On that day, a sudden upward movement in the Major Market Index, stock index futures contracts traded on the Chicago Board of Trade, apparently helped trigger a burst of buying on the New York Stock Exchange. The Major Market Index futures contracts are tied to prices of 20 leading NYSE stocks and permit investors to speculate on the future direction of NYSE prices. The Wall Street Journal has reported conjecture that several brokerage firms may have teamed up to push the Major Market Index futures higher on Oct. 20, but Ruder said the SEC has found no evidence of improper trading.
Ruder said data gathered by the SEC shows that some individual trades apparently were pushed aside by brokers and traders in favor of institutional trades in the volatile period in October that climaxed in a 508-point drop in the Dow Jones industrial average on Oct. 19, now known as Black Monday. In recent years, as giant pension funds, insurance companies and other institutional investors have dominated trading, the relative importance of individual investors as customers of some major Wall Street firms has decreased.
Ruder tempered his criticism by saying that despite some "glaring exceptions," the security industry is "deeply committed" to fair and honest markets and to high levels of professional standards. But he left little doubt that Wall Street had not scored well with the public this fall.
"Although I am pleased that our market systems showed strength through the recent October market break, I am concerned about the impact that the break may have on public confidence in the securities markets," Ruder said.
" ... We have heard from large numbers of investors who complained that during the market break they could not reach their brokers to place orders, or that brokers delayed in notifying them whether their trades had been executed.

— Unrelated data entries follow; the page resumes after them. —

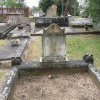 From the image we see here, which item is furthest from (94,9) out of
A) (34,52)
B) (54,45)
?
(54,45)

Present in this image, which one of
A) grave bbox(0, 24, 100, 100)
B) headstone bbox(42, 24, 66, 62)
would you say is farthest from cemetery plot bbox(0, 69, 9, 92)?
headstone bbox(42, 24, 66, 62)

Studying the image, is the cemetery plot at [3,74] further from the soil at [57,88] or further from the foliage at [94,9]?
the foliage at [94,9]

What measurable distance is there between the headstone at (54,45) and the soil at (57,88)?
0.65m

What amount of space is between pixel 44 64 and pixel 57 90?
1.41 metres

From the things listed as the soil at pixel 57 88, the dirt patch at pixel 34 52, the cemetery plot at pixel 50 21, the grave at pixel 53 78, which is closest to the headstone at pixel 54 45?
the grave at pixel 53 78

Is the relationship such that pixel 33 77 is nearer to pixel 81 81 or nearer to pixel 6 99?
pixel 81 81

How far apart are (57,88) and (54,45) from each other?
176 cm

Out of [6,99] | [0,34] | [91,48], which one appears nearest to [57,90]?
[6,99]

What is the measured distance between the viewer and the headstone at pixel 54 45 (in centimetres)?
768

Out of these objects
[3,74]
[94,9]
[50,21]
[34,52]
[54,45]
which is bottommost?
[3,74]

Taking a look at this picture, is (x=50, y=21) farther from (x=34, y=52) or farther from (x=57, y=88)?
(x=57, y=88)

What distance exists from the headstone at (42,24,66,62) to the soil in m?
0.65

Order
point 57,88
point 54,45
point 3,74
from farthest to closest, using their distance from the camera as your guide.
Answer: point 3,74
point 54,45
point 57,88

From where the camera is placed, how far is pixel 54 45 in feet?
25.6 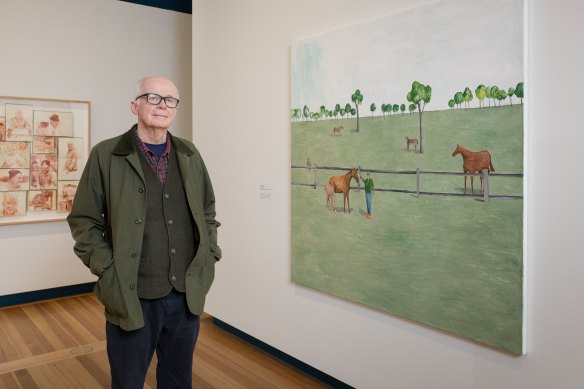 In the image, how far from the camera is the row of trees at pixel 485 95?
6.53 ft

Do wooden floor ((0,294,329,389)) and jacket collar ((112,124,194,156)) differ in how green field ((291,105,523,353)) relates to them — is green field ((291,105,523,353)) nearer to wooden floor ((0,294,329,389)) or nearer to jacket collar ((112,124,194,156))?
wooden floor ((0,294,329,389))

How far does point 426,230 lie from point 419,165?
0.32 metres

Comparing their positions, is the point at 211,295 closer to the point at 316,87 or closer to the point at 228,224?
the point at 228,224

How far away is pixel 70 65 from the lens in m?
4.94

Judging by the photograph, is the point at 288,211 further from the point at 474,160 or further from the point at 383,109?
the point at 474,160

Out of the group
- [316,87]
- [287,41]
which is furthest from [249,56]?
[316,87]

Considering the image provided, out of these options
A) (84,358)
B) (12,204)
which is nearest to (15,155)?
(12,204)

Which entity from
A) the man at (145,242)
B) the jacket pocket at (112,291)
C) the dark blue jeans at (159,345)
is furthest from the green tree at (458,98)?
the jacket pocket at (112,291)

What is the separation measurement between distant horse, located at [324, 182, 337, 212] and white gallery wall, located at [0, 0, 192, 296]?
3.21 meters

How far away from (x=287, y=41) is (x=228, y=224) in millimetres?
1509

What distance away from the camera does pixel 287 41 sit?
326cm

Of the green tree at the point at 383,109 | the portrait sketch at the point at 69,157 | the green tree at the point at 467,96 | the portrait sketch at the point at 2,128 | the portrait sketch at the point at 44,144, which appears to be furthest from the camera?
the portrait sketch at the point at 69,157

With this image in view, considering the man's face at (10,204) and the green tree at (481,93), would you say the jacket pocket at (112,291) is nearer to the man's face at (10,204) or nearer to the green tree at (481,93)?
the green tree at (481,93)

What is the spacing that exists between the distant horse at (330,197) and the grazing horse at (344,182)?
0.03 m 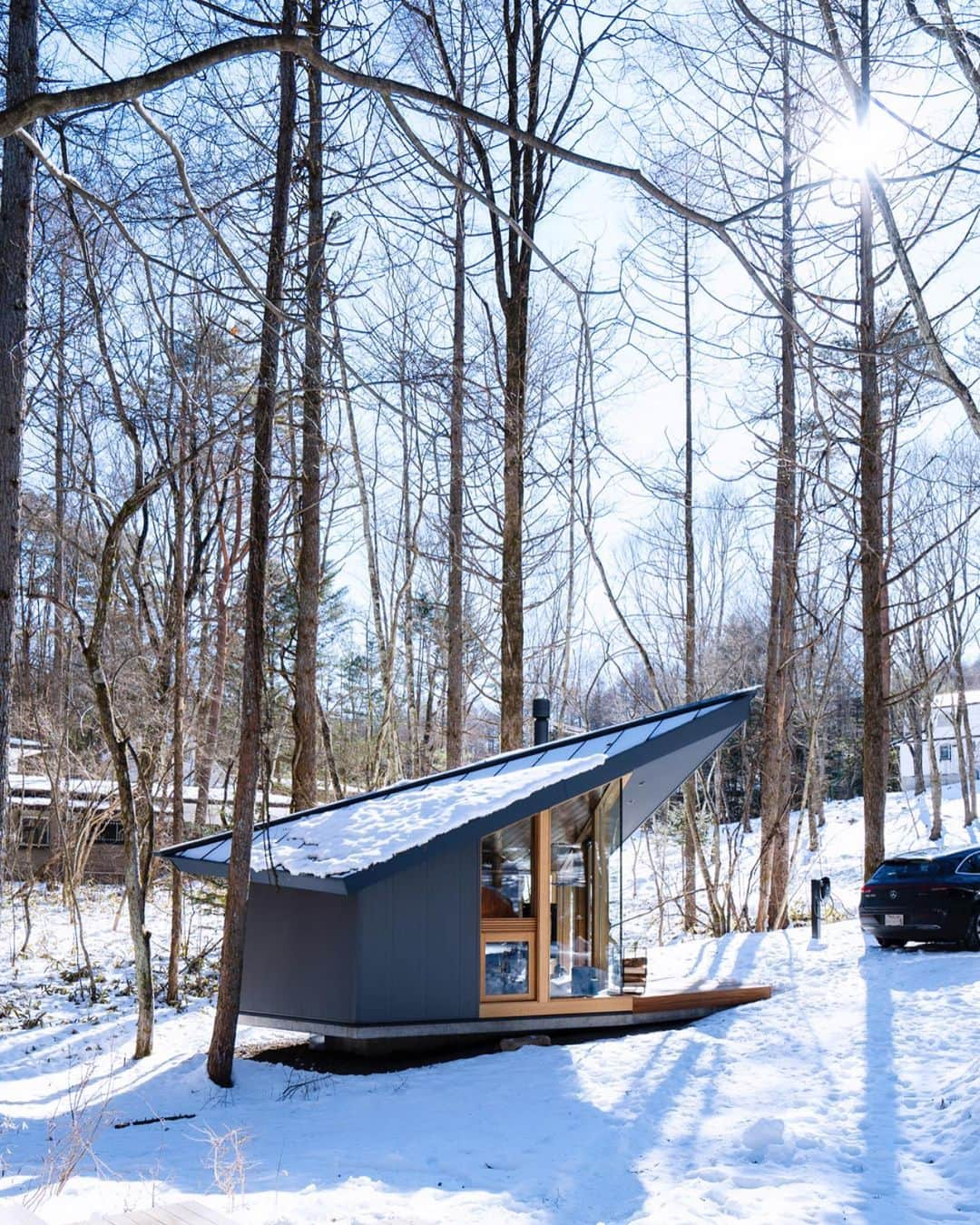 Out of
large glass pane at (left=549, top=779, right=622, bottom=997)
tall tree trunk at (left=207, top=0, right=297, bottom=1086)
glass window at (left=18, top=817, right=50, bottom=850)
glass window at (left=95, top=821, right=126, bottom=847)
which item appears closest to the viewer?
tall tree trunk at (left=207, top=0, right=297, bottom=1086)

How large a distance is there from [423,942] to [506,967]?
2.89 ft

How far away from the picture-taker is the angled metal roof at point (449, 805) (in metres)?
8.64

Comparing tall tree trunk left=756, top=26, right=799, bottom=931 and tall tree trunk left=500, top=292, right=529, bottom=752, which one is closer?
tall tree trunk left=500, top=292, right=529, bottom=752

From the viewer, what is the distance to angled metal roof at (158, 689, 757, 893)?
8641 millimetres

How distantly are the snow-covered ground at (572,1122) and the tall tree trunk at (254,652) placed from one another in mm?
585

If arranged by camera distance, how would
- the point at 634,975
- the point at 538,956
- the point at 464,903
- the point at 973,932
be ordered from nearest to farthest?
the point at 464,903 < the point at 538,956 < the point at 634,975 < the point at 973,932

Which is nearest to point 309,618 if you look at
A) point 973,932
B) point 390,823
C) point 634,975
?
point 390,823

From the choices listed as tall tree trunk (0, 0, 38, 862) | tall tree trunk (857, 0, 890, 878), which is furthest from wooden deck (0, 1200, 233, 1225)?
tall tree trunk (857, 0, 890, 878)

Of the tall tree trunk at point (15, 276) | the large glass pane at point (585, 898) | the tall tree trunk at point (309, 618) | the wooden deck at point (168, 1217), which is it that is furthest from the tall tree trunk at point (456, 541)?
the wooden deck at point (168, 1217)

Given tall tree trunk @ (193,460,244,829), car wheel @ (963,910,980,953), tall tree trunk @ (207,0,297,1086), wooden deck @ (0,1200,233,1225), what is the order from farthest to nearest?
tall tree trunk @ (193,460,244,829), car wheel @ (963,910,980,953), tall tree trunk @ (207,0,297,1086), wooden deck @ (0,1200,233,1225)

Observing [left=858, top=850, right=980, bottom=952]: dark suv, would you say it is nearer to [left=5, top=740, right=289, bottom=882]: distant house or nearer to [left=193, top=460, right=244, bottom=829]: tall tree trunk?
[left=193, top=460, right=244, bottom=829]: tall tree trunk

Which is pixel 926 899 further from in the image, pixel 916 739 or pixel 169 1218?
pixel 916 739

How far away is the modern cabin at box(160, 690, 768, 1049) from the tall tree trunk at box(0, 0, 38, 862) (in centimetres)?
355

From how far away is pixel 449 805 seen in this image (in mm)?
9391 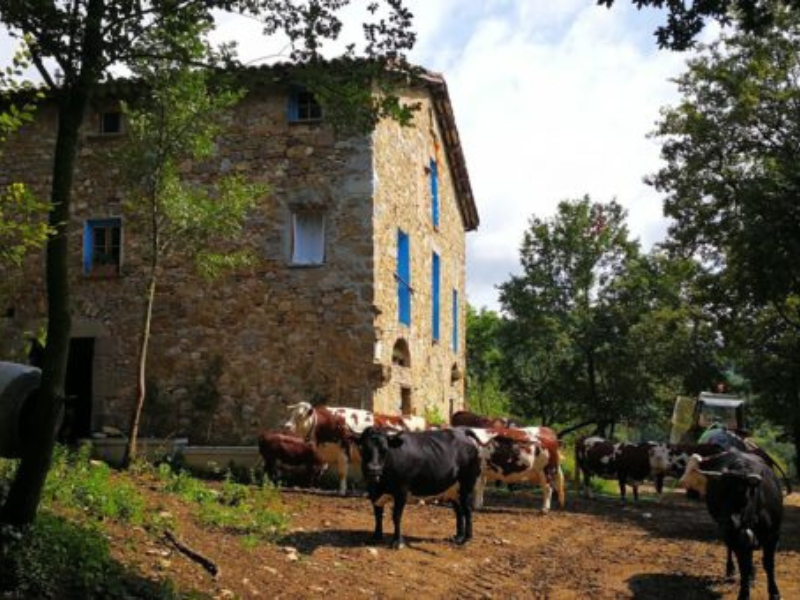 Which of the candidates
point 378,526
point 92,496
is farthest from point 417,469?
point 92,496

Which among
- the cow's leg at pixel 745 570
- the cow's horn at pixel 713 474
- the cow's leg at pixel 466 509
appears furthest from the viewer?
the cow's leg at pixel 466 509

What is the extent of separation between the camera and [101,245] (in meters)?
17.9

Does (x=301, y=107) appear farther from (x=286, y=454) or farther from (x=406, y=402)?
(x=286, y=454)

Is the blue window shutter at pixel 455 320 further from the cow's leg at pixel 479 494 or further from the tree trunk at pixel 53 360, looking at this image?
the tree trunk at pixel 53 360

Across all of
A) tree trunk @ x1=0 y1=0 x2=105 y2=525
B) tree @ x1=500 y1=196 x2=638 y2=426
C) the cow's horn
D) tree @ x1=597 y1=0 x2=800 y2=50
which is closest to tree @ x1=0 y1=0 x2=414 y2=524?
tree trunk @ x1=0 y1=0 x2=105 y2=525

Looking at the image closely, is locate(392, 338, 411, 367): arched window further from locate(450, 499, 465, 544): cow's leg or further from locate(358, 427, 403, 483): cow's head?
locate(358, 427, 403, 483): cow's head

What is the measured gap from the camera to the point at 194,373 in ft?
55.2

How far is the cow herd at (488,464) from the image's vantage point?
838 centimetres

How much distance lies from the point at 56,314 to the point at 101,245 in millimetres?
11828

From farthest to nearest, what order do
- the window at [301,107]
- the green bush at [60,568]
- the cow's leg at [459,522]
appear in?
the window at [301,107], the cow's leg at [459,522], the green bush at [60,568]

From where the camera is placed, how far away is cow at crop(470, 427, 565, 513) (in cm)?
1355

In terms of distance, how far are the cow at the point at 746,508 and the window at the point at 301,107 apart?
11.2 m

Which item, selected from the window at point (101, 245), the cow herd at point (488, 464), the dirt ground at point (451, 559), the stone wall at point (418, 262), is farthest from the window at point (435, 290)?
the dirt ground at point (451, 559)

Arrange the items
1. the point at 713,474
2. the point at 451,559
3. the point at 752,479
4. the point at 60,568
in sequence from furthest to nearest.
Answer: the point at 451,559 < the point at 713,474 < the point at 752,479 < the point at 60,568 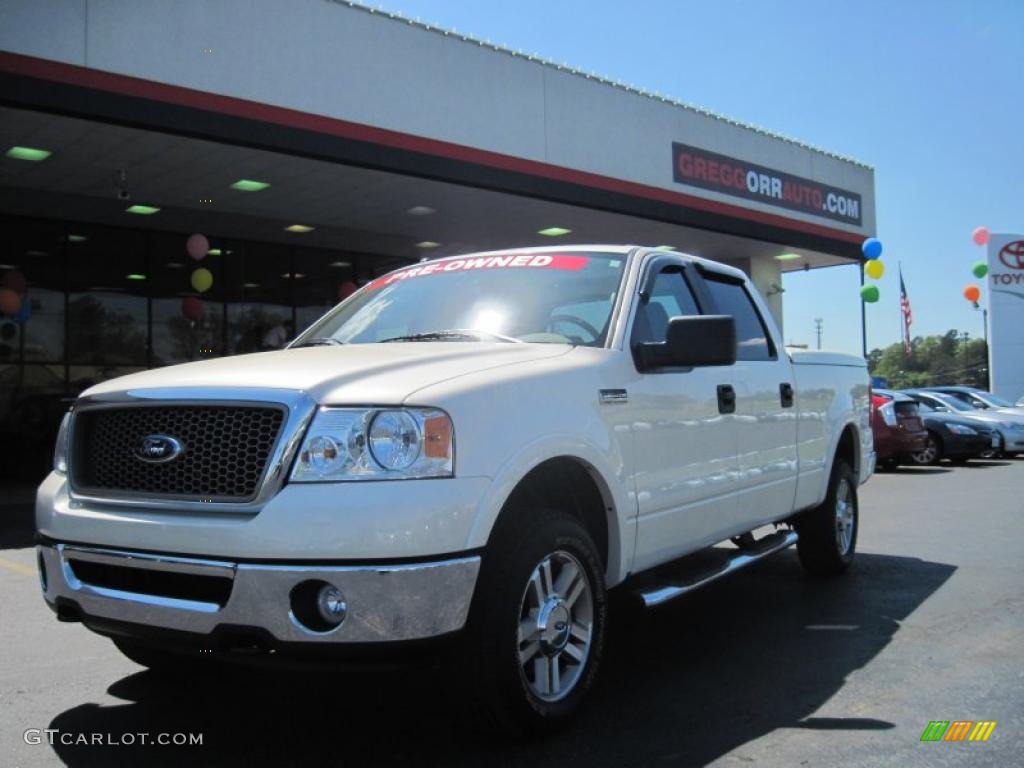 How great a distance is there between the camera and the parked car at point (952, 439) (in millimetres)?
17516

"The clear perception of many investors was that securities firms served their institutional customers at the expense of retail investors."
Noting that investor complaints to the SEC had more than doubled recently, Ruder summarized his views by stating that, "The events of October, coupled with the recent insider trading scandals, appear to have cast a shadow on the public perception of the industry's commitment to the small investor."
On another issue, Ruder, who is scheduled to testify before the Senate Banking Committee today on banking deregulation proposals, said the SEC believes that commercial banks should be allowed to expand into the securities business only if their securities activities are regulated by the agency. Congress is considering repeal or amendment of the Glass-Steagall Act, passed in 1933, which restricts the entry of commercial banks into businesses dominated by investment banking firms, such as underwriting (purchase and distribution to investors) of stock.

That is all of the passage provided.